::: Supplied data :::

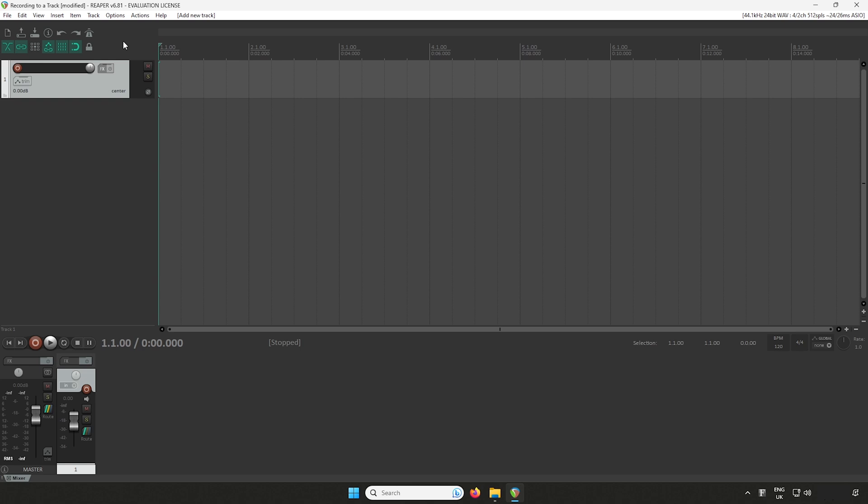The Record Arm button enables a specific track to be ready for recording. Let's select the Record Arm button on Track 1.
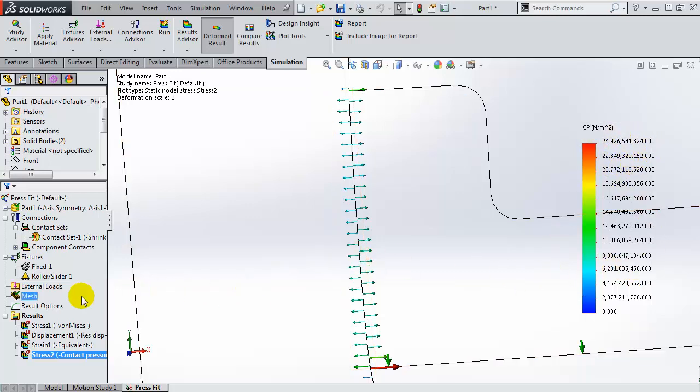Hope you'll find this new enhancement really useful. Up to SOLIDWORKS 2014, the contact pressure plot was available in 3D studies but it was not available in 2D studies. Having it available in 2D studies really extends the functionality of SOLIDWORKS simulation and really makes it useful.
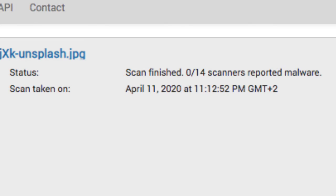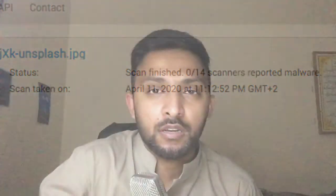It's a very useful website for online purposes. For example, if you are in an internet cafe or a university lab, you can easily use this website to scan files before uploading or saving them to your USB stick.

:::

Once the images are removed, print the remaining data exactly as it appears above.

Exercise response:
The Record Arm button enables a specific track to be ready for recording. Let's select the Record Arm button on Track 1.
Hope you'll find this new enhancement really useful. Up to SOLIDWORKS 2014, the contact pressure plot was available in 3D studies but it was not available in 2D studies. Having it available in 2D studies really extends the functionality of SOLIDWORKS simulation and really makes it useful.
It's a very useful website for online purposes. For example, if you are in an internet cafe or a university lab, you can easily use this website to scan files before uploading or saving them to your USB stick.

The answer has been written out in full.